武蔵野日和下駄

10歳から続く乱読人生、年季の入った活字中毒、頭の記録メディアがダウン寸前、記憶のダイエット装置

 「失踪日記」吾妻ひでお(出版・イーストプレス)

toumeioj32005-06-07

 表紙に「全部実話です(笑)」吾妻とある。とり・きみの推薦文に「できるだけ多くの人に読んでほしい傑作」とある。3月20日の朝日新聞の書評では、「仕事とは、自己実現とは、そして生きるとは何かを考えさせられる人生の指南書だ。」とまで書いてあった。3月30日の読売新聞には「本当の「私小説」」とまで評されていた。奥付を見ると6刷とあり、3月の時点で6万部売れているらしい。私も読んでみた。
 ほめてもほめ切れないような作品だけを気楽に取り上げ、気持ちよくほめ言葉だけを書き散らしてゆくつもりだったが、これだけは、そうはならないかもしれない。この作品は、「夜を歩く」「街を歩く」「アル中病棟」の3篇からなっている。順番にみてみよう。
「イントロダクション」文字通りの導入部。89年の主人公の理由のない失踪と自殺未遂。単なる前置きか。

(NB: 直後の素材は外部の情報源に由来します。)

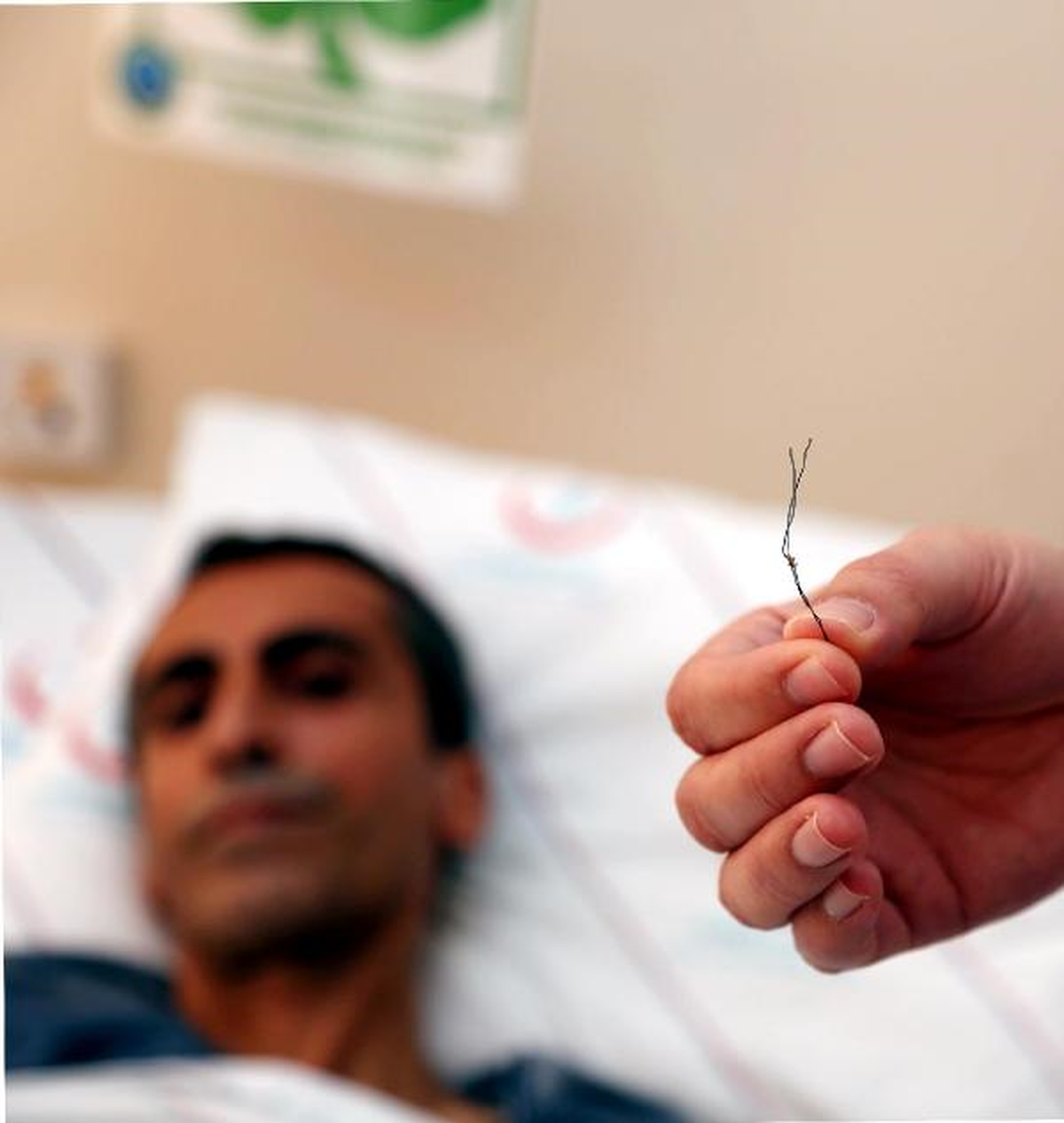 Bağırsağından 10 Santimlik Tel Çıktı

「夜を歩く」89年11月から始まったホームレス生活の細部にわたるエピソードを漫画化したもの。週末だけのアウトドアではなく、長期の野外生活をしたことのある者ならわかるが、野外生活を続けていると、生活が要素化する。人と会う必要がなければ、衣食住からまず衣服への関心が脱落、社会性を喪失する。生きていくための必要条件、食べることと寝ることに関心が収斂してしまう。主人公の場合は、失踪とは言っても、人家の付近を徘徊し、酒やお菓子にも手を伸ばし、けっこう楽しそうに気楽そうに動き回っている。本当の悲惨なシーンを回避したのか、あるいはその程度の社会的逃避に過ぎなかったのか、著者のこれまでのギャグ漫画の水準以上ではない。「夜を歩く」とは、人目につきたくないという主人公の心理状態を表題化したもの。1ページ4段コマ割り、クローズアップを使わず、1コマ1コマを丁寧に作り上げる描き方、人物と背景の調和した細やかな描写。漫画自体は悪くない、漫画の表現にはむしろ好感をもった。

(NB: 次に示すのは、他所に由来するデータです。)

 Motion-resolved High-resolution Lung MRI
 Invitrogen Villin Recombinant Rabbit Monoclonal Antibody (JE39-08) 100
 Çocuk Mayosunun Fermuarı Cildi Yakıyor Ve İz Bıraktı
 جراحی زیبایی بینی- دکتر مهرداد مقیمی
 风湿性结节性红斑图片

「街を歩く」は、94年の4月からの現実逃避生活に取材したもの。今度は、過酷な野外生活ではなく、漫画家を放棄し、日雇い労務者的なその日暮らしの中で遭遇する小さなエピソードを漫画で綴ったもの。途中からガスの配管工になる話になる。このところはリアルに配管工体験を書き込んであり、読ませる。その後、突然話は、漫画化修行時代の思い出話になり、漫画化人生の苦労話となるところを少しギャグっぽく書いてある。私小説的といえば確かにそんなところもあるが、感心するほどのことはなく、ややまとまりに欠ける。感動したかと聞かれれば、しなかったと答えるしかない。

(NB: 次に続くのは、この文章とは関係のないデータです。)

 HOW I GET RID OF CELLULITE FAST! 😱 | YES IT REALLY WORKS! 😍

「アル中病棟」98年、主人公は仕事に行き詰まり、アル中になり、最後は、強制的に入院させられるという話。入院生活をしたことのある人なら分かるが、病院には病院の生活があり、入院生活では何の病気で入院するかによって生活スタイルが変わる。アル中の集団治療ともなれば、奇妙な人物が多彩に登場することは十分に期待できる。暗くならないようにかわいらしくギャグ風にまとめたところは吾妻ひでおらしい。だがアル中の体験話など世間にはごろごろ。これを人生の指南書とまで言い切っていいかどうか。
 全体として、所々にころころしてかわいい少し色っぽい女の子が出てきて、読者サービスをしてくれるところがある。ストーリーの一部だが、描線がすっきりして美しいので私の眼を引いた。著者にとってギャグはサービスなのか方法論なのか。著者が本当に漫画で描きたいものと遭遇するためには、もう少し時間が必要な気がした。(偉そうなこと言ってゴメン。)